- When Data Became a BIG Deal
- Data and the Single Server
- The Big Data Trade-Off
- Anatomy of a Big Data Pipeline
- The Ultimate Database
- Summary
Data and the Single Server
Thanks to the constantly dropping price of commodity hardware, it’s possible to build larger and beefier computers to analyze data and provide the database backend for Web applications. However, as we’ve just seen, there is a limit to the amount of processing power that can be built into a single machine before reaching thresholds of considerable cost. More importantly, a single-machine paradigm provides other limitations that start to appear when data volume increases, such as cases in which there is a need for high availability and performance under heavy load or in which timely analysis is required.
By the late 1990s, Internet startups were starting to build some of the amazing, unprecedented Web applications that are easily taken for granted today: software that provides the ability to search the entire Internet, purchase any product from any seller anywhere in the world, or provide social networking services for anyone on the planet with access to the Internet.

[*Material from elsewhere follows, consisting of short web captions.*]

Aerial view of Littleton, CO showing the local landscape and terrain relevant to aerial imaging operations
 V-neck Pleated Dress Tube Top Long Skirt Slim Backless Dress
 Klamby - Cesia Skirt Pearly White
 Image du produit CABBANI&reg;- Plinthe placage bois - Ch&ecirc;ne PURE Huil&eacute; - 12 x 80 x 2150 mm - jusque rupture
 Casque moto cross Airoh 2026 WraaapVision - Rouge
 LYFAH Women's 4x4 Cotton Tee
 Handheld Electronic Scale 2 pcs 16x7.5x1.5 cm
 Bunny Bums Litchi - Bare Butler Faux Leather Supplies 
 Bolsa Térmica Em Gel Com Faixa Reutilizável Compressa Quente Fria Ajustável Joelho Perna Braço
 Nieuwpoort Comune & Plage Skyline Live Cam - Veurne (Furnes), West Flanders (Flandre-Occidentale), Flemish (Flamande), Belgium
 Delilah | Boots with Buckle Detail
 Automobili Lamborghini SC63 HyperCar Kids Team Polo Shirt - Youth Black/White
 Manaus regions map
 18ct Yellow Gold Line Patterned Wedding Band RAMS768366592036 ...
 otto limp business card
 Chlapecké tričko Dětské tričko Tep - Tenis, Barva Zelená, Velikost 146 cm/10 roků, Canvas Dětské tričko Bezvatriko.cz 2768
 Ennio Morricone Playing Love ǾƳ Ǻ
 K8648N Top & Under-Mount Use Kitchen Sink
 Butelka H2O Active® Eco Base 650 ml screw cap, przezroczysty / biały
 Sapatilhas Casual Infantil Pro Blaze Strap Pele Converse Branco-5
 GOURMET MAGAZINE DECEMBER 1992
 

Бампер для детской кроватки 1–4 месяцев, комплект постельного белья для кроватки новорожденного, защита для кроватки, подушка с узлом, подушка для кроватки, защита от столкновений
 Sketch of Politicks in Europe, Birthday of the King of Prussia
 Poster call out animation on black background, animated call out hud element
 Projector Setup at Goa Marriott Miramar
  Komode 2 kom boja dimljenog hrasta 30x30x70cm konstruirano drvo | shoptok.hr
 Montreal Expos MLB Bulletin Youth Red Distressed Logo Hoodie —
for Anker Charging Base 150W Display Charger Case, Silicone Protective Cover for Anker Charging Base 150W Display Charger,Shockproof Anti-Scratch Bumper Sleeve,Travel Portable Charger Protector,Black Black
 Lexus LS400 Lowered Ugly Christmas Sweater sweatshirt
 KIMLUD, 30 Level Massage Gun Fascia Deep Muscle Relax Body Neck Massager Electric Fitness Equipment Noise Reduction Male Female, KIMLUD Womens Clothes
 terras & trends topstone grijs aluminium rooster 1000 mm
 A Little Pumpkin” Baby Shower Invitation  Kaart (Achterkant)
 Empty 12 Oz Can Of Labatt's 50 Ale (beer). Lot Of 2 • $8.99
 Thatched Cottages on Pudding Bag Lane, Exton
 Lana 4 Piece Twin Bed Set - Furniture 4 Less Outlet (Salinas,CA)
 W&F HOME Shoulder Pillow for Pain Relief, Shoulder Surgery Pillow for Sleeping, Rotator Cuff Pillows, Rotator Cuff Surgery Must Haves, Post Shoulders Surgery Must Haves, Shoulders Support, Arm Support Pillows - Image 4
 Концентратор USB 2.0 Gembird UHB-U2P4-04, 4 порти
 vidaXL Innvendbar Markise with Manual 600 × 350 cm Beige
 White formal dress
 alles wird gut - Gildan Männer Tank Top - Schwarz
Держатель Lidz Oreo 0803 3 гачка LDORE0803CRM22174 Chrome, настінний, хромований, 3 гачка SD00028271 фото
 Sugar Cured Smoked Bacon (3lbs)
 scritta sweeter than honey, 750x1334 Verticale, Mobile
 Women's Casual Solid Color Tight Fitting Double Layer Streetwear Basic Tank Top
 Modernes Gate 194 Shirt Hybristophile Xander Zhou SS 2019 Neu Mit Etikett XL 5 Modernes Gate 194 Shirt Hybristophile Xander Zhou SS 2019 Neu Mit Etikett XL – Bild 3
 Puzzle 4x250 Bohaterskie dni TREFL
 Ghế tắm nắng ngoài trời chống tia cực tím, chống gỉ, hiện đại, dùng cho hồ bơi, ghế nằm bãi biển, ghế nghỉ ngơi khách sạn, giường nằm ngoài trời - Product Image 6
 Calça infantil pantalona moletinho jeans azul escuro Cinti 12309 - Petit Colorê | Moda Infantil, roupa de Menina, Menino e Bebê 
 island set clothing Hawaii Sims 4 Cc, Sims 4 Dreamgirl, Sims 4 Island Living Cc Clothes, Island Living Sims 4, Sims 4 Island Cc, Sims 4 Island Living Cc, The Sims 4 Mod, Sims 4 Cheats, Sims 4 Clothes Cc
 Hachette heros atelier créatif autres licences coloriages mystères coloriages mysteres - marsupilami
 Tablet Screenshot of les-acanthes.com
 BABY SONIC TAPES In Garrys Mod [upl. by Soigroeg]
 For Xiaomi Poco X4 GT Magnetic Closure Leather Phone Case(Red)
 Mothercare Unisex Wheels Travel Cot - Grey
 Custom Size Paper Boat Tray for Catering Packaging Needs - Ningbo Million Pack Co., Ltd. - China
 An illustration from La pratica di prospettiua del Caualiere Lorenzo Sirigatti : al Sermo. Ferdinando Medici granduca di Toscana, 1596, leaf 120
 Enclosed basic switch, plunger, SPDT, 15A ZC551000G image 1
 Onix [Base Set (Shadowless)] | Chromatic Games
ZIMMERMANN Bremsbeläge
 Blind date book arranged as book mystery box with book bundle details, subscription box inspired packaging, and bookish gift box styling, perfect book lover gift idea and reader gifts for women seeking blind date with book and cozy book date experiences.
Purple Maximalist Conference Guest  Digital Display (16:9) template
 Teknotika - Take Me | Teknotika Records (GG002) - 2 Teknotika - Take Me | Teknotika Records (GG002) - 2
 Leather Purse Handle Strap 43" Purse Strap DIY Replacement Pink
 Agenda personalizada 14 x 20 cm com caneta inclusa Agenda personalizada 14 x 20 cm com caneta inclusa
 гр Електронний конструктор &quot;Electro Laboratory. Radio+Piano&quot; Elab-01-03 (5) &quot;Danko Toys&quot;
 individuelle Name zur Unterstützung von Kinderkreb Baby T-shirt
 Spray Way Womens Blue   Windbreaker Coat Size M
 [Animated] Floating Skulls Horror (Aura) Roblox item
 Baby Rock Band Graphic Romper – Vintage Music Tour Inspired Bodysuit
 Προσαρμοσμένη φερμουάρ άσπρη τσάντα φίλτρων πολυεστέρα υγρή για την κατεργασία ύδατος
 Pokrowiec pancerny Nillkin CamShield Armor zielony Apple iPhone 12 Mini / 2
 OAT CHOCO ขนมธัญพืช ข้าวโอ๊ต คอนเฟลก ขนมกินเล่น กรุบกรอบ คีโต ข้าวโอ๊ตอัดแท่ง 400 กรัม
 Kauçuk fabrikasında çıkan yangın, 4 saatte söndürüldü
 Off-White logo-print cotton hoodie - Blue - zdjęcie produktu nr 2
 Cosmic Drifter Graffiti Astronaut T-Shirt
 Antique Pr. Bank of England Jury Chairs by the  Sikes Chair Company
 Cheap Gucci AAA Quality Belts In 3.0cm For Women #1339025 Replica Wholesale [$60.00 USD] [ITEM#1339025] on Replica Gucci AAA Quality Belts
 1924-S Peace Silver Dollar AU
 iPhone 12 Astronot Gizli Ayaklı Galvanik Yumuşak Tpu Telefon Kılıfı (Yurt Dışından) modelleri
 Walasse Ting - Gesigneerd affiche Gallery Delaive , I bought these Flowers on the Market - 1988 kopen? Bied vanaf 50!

The massive scale of the World Wide Web, as well as the constantly accelerating growth of the number of total Internet users, presented an almost impossible task for software engineers: finding solutions that potentially could be scaled to the needs of every human being to collect, store, and process the world’s data.
Traditional data analysis software, such as spreadsheets and relational databases, as reliable and widespread as it had been, was generally designed to be used on a single machine. In order to build these systems to be able to scale to unprecedented size, computer scientists needed to build systems that could run on clusters of machines.